Introduction

Nous sommes en 1585. Sept bateaux déversent en Île Roanoke, au large de la côte des Carolines, d'audacieux Anglais qui y fondent une colonie. Quand le navire de ravitaillement revient, il ne reste aucune trace des colons. Depuis, d'innombrables livres, articles et programmes de télévision américains ont hasardé des hypothèses sur le sort de ce premier établissement anglais en Amérique du Nord. L'histoire de la « colonie perdue » est effectivement une énigme fascinante.

Malheureusement, aussi juteuse que soit la théorie de l'évanouissement des colons, elle est erronée.

On peut supposer que le temps finira par révéler que les colons se sont en fait joints aux Autochtones censés occuper le continent nord-américain depuis 11 500 ans (encore que d'après le Time, il y aurait à la sortie de Pittsburgh un site qui daterait de plus de 12 000 ans et pourrait bien être " le plus ancien site archéologique de l'Amérique du Nord1 ").

Malheureusement, c'est également faux.

C'est en 1578, et non en 1585, que les Anglais ont essayé pour la première fois de fonder une colonie en Amérique du Nord, et qui plus est, non pas au large de la Caroline du Nord, mais au Nunavut, près de l'actuel Iqaluit. Si les projets d'extraction minière de Martin Frobisher ont tourné court, les fondations de sa maison sont encore bien visibles. Pourtant, cette maison de 1578 n'est pas la plus ancienne habitation du Canada, loin s'en faut : la plus ancienne demeure connue au Canada est une caverne du Yukon occupée non pas il y a 12 000 ans comme les sites des États-Unis, mais il y a au moins 20 000 ans2. Comment le sait-on? Parce que le Canada possède des archéologues chevronnés qui ont assemblé en partie les pièces du grand casse-tête que constitue l'histoire de l'Amérique du Nord. Leurs laborieux efforts contribuent à contrer quelque peu les effets de l'amnésie collective dont nous souffrons.

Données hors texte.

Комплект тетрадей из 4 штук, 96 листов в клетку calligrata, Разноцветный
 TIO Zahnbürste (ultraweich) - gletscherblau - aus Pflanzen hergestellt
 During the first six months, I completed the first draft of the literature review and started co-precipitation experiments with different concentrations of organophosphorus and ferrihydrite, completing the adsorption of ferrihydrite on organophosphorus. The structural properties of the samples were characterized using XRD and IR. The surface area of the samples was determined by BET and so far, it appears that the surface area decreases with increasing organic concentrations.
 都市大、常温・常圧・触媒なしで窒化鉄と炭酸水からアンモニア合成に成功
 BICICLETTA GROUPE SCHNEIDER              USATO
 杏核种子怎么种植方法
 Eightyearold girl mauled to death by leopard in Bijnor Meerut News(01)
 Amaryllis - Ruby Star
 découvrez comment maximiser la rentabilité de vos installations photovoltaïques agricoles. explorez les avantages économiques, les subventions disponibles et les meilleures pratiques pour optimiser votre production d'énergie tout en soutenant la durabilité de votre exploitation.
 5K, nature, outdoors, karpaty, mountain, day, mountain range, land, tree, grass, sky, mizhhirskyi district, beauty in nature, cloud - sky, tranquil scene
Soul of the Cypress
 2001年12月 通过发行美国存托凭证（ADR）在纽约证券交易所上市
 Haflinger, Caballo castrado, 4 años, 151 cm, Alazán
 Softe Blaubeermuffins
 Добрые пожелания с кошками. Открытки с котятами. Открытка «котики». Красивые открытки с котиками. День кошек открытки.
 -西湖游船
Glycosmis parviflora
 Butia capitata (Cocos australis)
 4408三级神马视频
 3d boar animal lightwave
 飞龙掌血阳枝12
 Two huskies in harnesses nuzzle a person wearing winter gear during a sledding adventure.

L'archéologie est l'étude des témoignages matériels qui s'accumulent au Canada depuis l'arrivée des premiers humains jusqu'aux époques historiques plus récentes. Les archéologues étudient aussi les endroits dont on pense qu'ils ont été occupés jadis et qui subissent actuellement des changements. Si les objets utilisés par les humains au fil des âges sont utiles pour comprendre les us et coutumes d'autrefois, d'autres objets plus éphémères peuvent également être révélateurs. Les archéologues prennent note du milieu naturel, des vestiges architecturaux et des réseaux de communication. En mettant bout à bout ces données, ils parviennent à préciser certains aspects de la vie des personnes en cause.

Au cours des 20 premiers millénaires d'occupation humaine au Canada, aucun écrit n'est venu documenter la vie et les événements. Même après l'avènement de l'écriture, les documents décrivaient en général assez succinctement l'existence de nos ancêtres. Parfois, la tradition orale préservait le souvenir des grands événements; toutefois, les souvenirs s'estompent souvent, surtout pour ce qui est des détails de la vie quotidienne. N'empêche que le Canada possède toujours des outils, et des outils puissants, pour jeter la lumière sur ses origines. Ses ressources archéologiques constituent ses archives d'un passé tant préhistorique qu'historique. Une ressource archéologique peut aussi bien avoir la taille d'une agglomération entière que celle d'un petit objet. Elle peut se trouver dans le sol ou dans l'eau. Le présent rapport porte sur un volet du tableau archéologique, soit celui des ressources archéologiques terrestres (et non sur les épaves, qui font l'objet de lois distinctes3).